El límite a la titularidad de dominio o posesión de tierras rurales
se fija en un 15% de la superficie del territorio nacional, cifra
porcentual que se computará también sobre el territorio de la provincia,
municipio o entidad administrativa equivalente en que esté situado el
inmueble rural.
Los fundamentos del proyecto enviado por el PEN al Congreso destacan “la
necesidad de impedir la consolidación de procesos que podrían
comprometer gravemente el desarrollo, la soberanía nacional y la
titularidad del pueblo argentino sobre sus recursos estratégicos no
renovables, como la tierra y el agua dulce (…) dicha regulación deviene
necesaria para frenar el proceso de adquisición de grandes extensiones
de tierra por parte de capitales financieros transnacionales, el que se
viene profundizando en los últimos años a raíz de la especulación
desatada con motivo de la variación de los precios de los productos
primarios en el mercado internacional (…) En este sentido, el espíritu y
la letra del proyecto apuntan a un doble objetivo: regular el
previsible incremento de la propiedad extranjera y preservar su tenencia
en manos de productores agropecuarios nacionales, posibilitando un
desarrollo tecnológico propio que acreciente nuestra capacidad
agroindustrial y nos proyecte como productores alimentarios; limitar la
concentración de grandes extensiones de tierras en manos de capitales
financieros, excluyendo a las tierras rurales como recursos estratégicos
susceptibles de ser aplicados como inversión.”
Reconociendo
como ciertos e incuestionables los datos enunciados, y más allá de la
filosofía política que inspiró al proyecto –compartida absolutamente por
el autor de este trabajo-, es aquí donde se presentan los más duros
cuestionamientos a la norma sancionada.
La dudosa
constitucionalidad de la misma en este punto no es un dato menor, a la
luz del espíritu mismo de nuestra Carta Magna, impregnada de un
liberalismo a ultranza y proclive a la colonización extranjera como
única forma de lograr el desarrollo. (18)

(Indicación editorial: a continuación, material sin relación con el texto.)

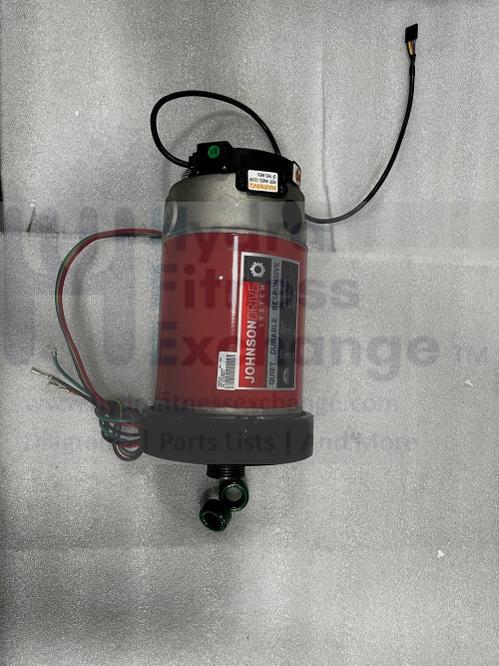 Horizon Fitness TM723 Treadmill Dc Drive Motor Set Semi Assembly 1000406288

El artículo 20 de la Constitución Nacional, que ostenta el carácter de “garantía constitucional” y
se ubica dentro de la parte dogmática, consagra expresamente la
igualdad de derechos entre ciudadanos argentinos y extranjeros, y dice
textualmente: “Los extranjeros gozan en el territorio de la
Nación de todos los derechos civiles del ciudadano; pueden ejercer su
industria, comercio y profesión; poseer bienes raíces, comprarlos y
enajenarlos; navegar los ríos y costas; ejercer libremente su culto;
testar y casarse conforme a las leyes. No están obligados a admitir la
ciudadanía, ni a pagar contribuciones forzosas extraordinarias. Obtienen
nacionalización residiendo dos años continuos en la Nación; pero la
autoridad puede acortar este término a favor del que lo solicite,
alegando y probando servicios a la República.”
La
claridad y contundencia del texto aborta cualquier análisis en contrario
y resalta la incongruencia de la ley 26.737 con la manda
constitucional, toda vez que admite la igualdad de derechos entre
ciudadanos argentinos y extranjeros y permite a estos últimos el
ejercicio del comercio y la potestad de poseer bienes raíces, comprar y
enajenarlos. Así también lo entiende la copiosa jurisprudencia de la
Corte Suprema de Justicia de la Nación.
No hay resquicio para
ninguna interpretación opuesta si nos atenemos a la literalidad de la
ley fundamental, por lo que a todas luces aparece manifiesta la
inconstitucionalidad de las restricciones al dominio extranjero
impuestas por la ley de marras.
Este es el argumento más sólido de
todos los vertidos en el concierto de debates que precedieron a su
sanción, y constituye sin lugar a dudas un obstáculo aparentemente
infranqueable que motivará numerosos planteos judiciales.
Ahora
bien, desde una perspectiva razonable se podría argüir que en nuestro
ordenamiento jurídico los derechos no son absolutos y que no hay
violación de la garantía consagrada en el artículo 20, puesto que no se
impide en modo alguno el ejercicio del derecho a adquirir las tierras
por parte de los extranjeros, sino que se lo limita en función de un
interés supremo.
El mismo es enunciado en los Fundamentos del proyecto y confiere a la norma sancionada el carácter de ley de orden público.
Además,
el derecho comparado ofrece regímenes similares cuyas restricciones son
más severas que la nuestra (19), llegando incluso a la prohibición de
la tenencia o dominio extranjero sobre sus tierras rurales.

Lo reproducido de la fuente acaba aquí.